In Fig. 2, compared to the -3dB passband of 0s skew, the -3dB passband of 30ps skew is greatly reduced. However, as clearly indicated in Fig. 1, the cause is not due to the effects of the CDKF15R; rather, it is determined by skew generated by the transmission line. That is, the quality of the differential output waveform probably does not depend on the CDKF type-R -3dB passband. Rather, it depends on the value of the skew when the CDKF type-R is connected for skew cancellation.
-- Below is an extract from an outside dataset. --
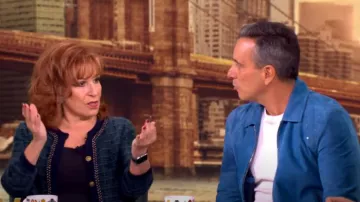 John Varvatos Rockaway Jacket worn by Sebastian Maniscalco as seen in The View on September 17, 2024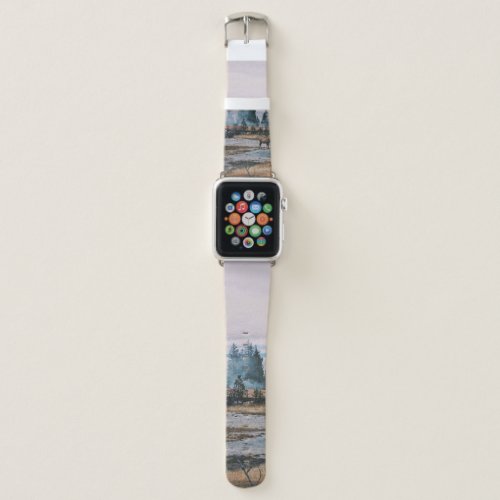 BEFORE THE SUNSET IN YELLOWSTONE NATIONAL PARK APPLE WATCH BAND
It can be assumed to become like the sine wave to which the high-order harmonic is missed in 1Unit Interval corrugating according to the transmission speed.
Therefore, the corresponding transmission speed of CDKF type-R is not only calculated simply from its -3dB passband, when the skew was generated, the maximum value at the correspondence transmission speed to which output waveform fineness was able to be maintained was examined on the assumption that passing waveform at 1Unit Interval became like the sine wave according to the characteristic of Fig. 1.
As a result, we judged that it was possible to correspond enough up to the transmission speed described in the appendix.
In addition, our CSKF-type not only cancels the skew but also restores the differential transmission signal. If the rough skew is canceled by the CSKF-type and the residual skew is canceled by the CDKF type-R, it is possible to balance the differential signal completely.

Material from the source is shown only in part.